Data records START

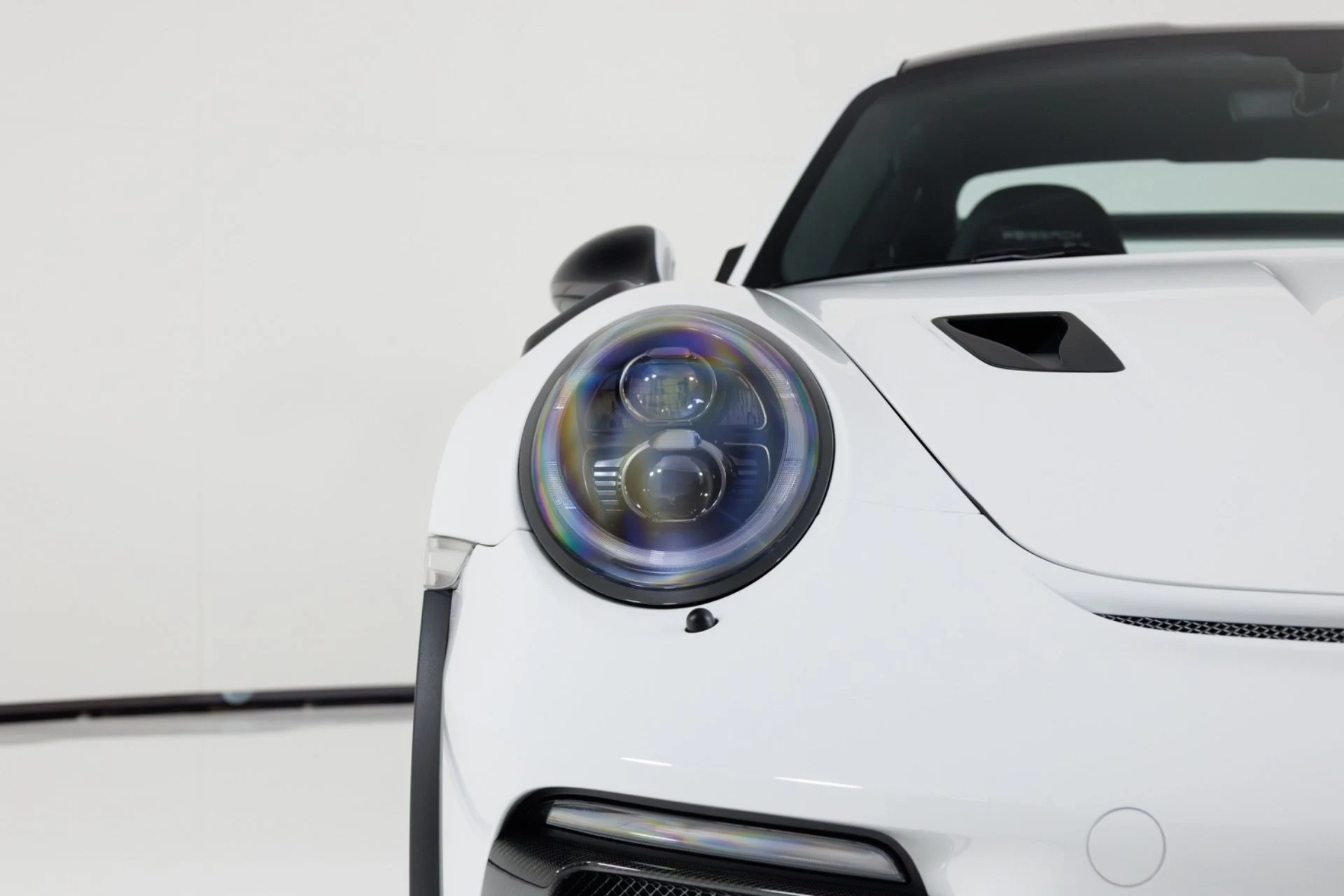 mph056_3253867936_Used_2019_Porsche_911_GT_3_RS_1774651739_53d5828ac0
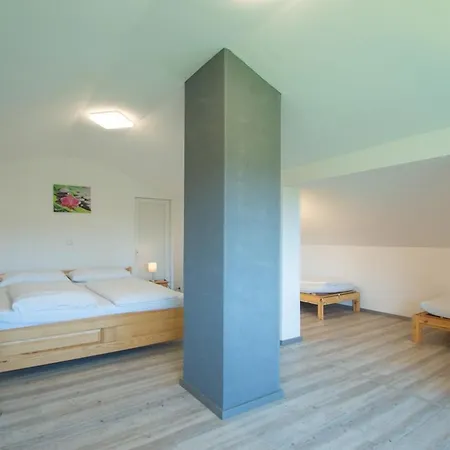 Appartement Zum Brunnenweg Top3 *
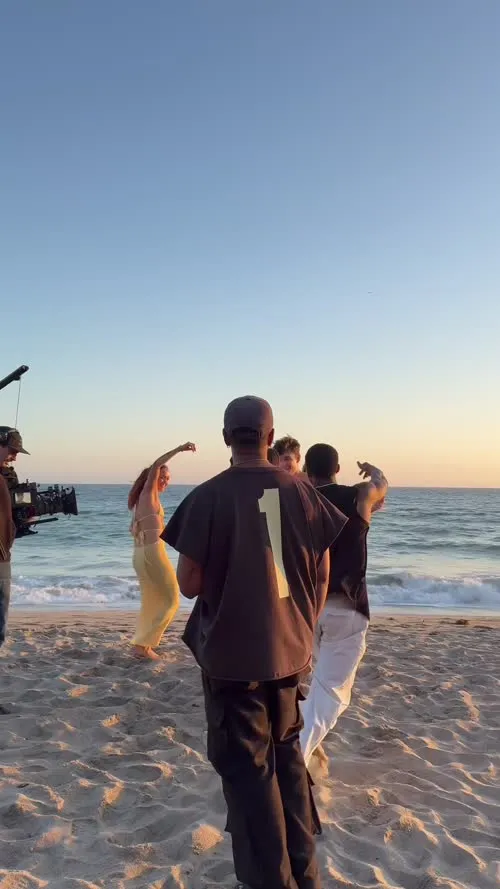 Victoria Justice - Video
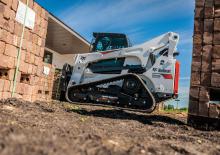 स्किड स्टीयर लोडर Bobcat T870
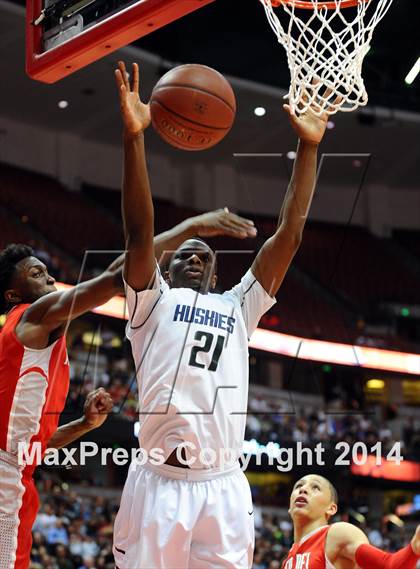 Thumbnail 2 in Mater Dei vs. Chino Hills (CIF SS Open Division Final) photogallery.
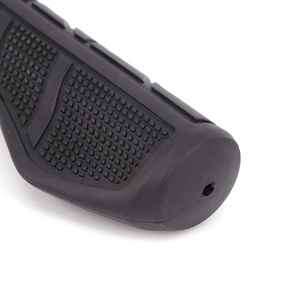 R2 poignée ergonomique en caoutchouc personnalisée <span class=keywords><strong>de</strong></span> haute qualité, poignées d'indicateur <span class=keywords><strong>de</strong></span> guidon <span class=keywords><strong>de</strong></span> vélo <span class=keywords><strong>vtt</strong></span> avec extrémités en alliage HL-G331 - Product Image 5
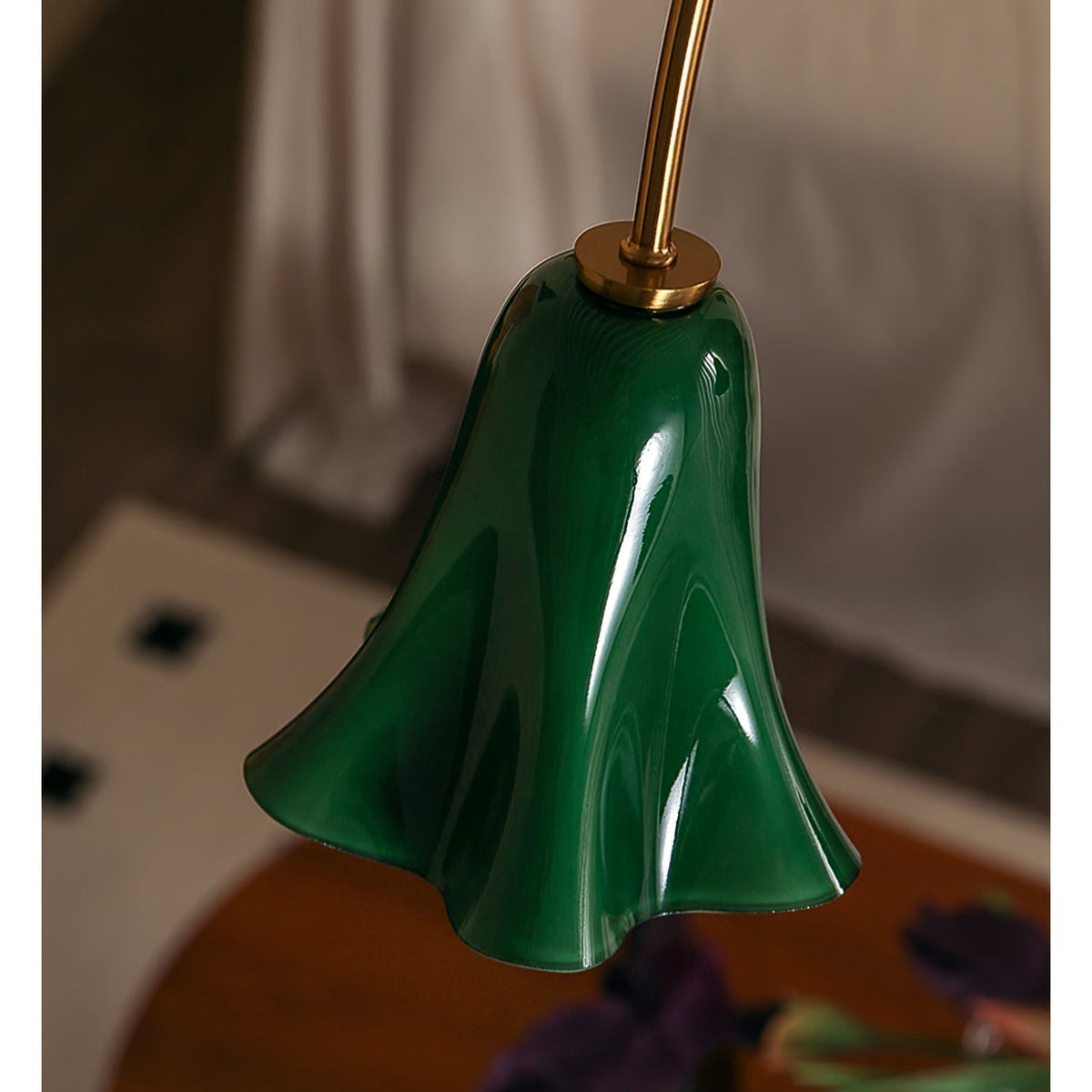Candeeiro de teto suspenso em vidro EmeraldBell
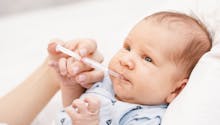 RGO du bébé : que penser des traitements à base d’Inexium ?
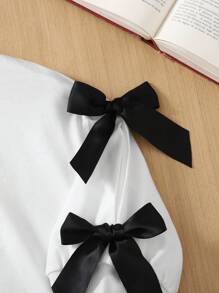 SHEIN Áo thun cổ tròn tay lửng dệt kim màu trắng rộng rãi cho bé gái tuổi teen có nơ trang trí, màu tương phản dễ thương thường ngày, phù hợp cho mùa xuân và mùa hè - Đen và trắng - Xem 4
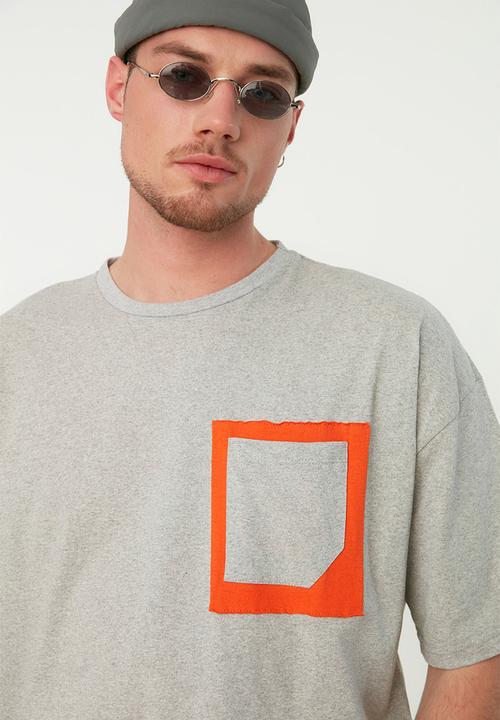 Trendyol - Pocket print T-shirt - grey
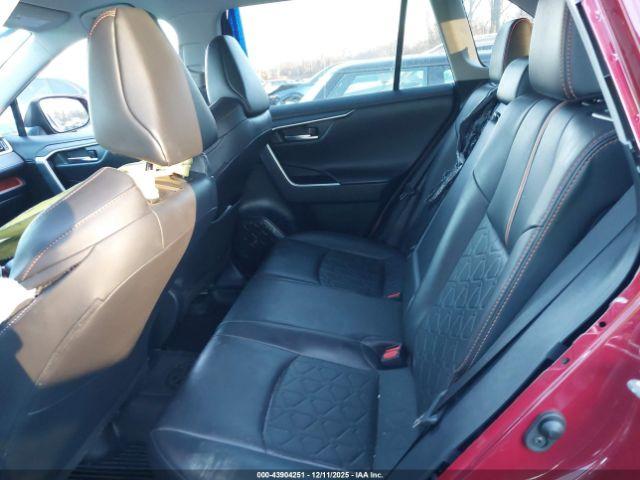 Toyota RAV4 Adventure Image 10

Data records END

Your objective: Repeat verbatim the lines from the one with "Trendyol - Pocket print T-shirt - grey" through the end of the listing above. Include both ends, add nothing, and exclude the pictures.

Reply to the exercise:
 Trendyol - Pocket print T-shirt - grey
 Toyota RAV4 Adventure Image 10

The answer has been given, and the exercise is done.